I'm building a new Silverlight app for a photography studio. I was about to say "you have to have a Windows-based server hosting it" and then I thought, wait is that right? Looks like it's not. So I could point him toward a Linux host.
I know you have to register the MIME types (from a different SO thread). Are there any other caveats or gotchas that I need to know about? Assume for a second that I know next to nothing about Linux.
Edit: what if the app needs to talk to a database (mySQL)? Seems like I'd need to have Moonlight to get that going, which isn't gonna fly.
The only thing you have to do is ensure the web server delivers the correct MIME type for the .xap (which is application/x-silverlight-app). That's it.
There is nothing blocking you to host a Silverlight app(Client Plug-in) in any webserver on any platform.

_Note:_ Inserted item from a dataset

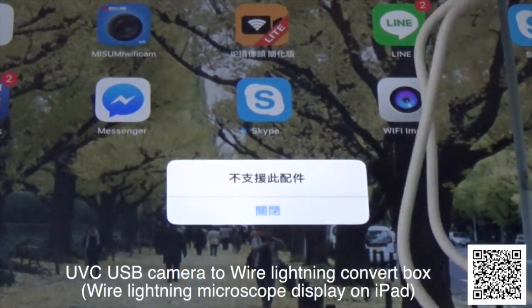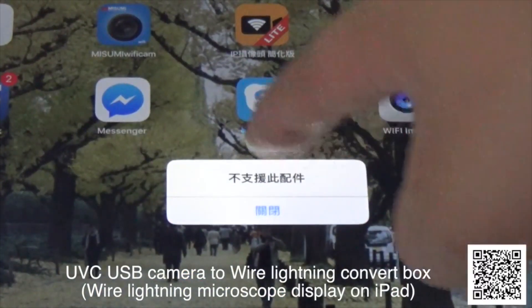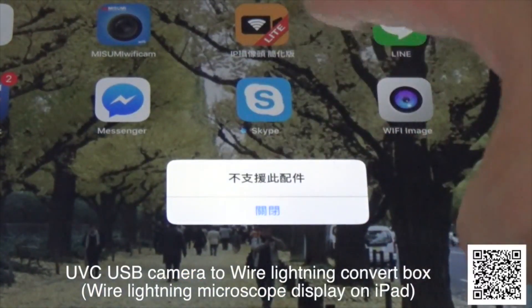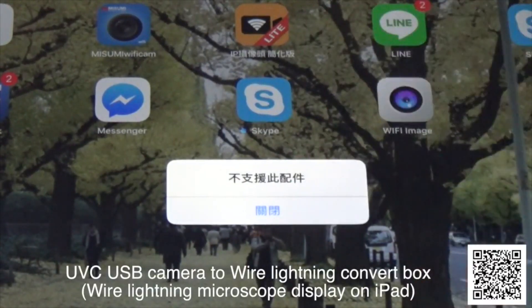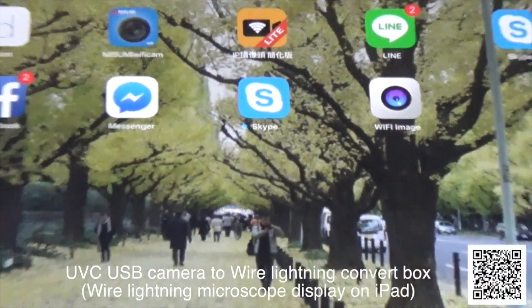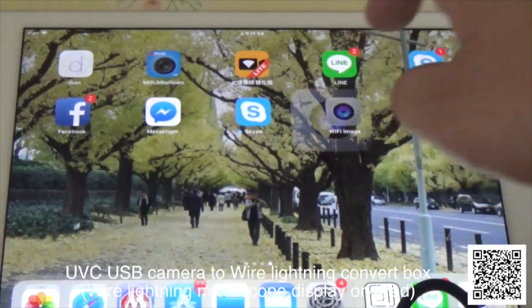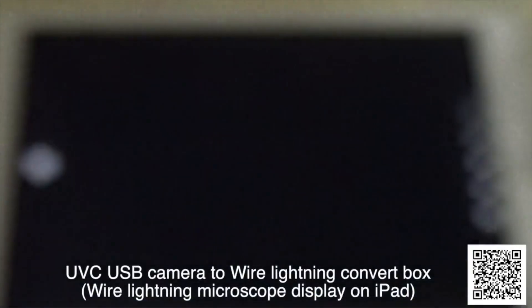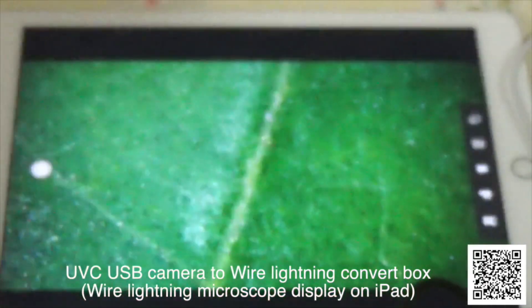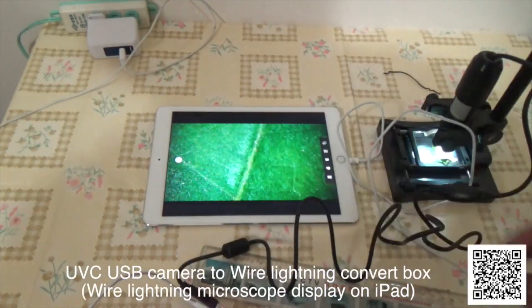You will see an error message. The error message means the device cannot support this iPad, but do not worry about the message. Do not care about the message. Open the app. This is a microscope.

Silverlight is client technology. There is nothign (but MIME types) that are required to host on non-MS servers. But if you have server-side code (e.g. web services or REST API's talking to your mySQL db), that server-side technology would need to work on Linux. That's completely separate from Silverlight. You might want to do the server stuff with Java or PHP (or other Linux-friendly platform) but Silverlight doesn't care what it talks to and can be served in a non-MS platform easily.
Regarding your edit (on mysql) -- no you would not need Moonlight (as that is client only as well). You'd need to expose your database functionality through a service layer of sorts as Shawn notes.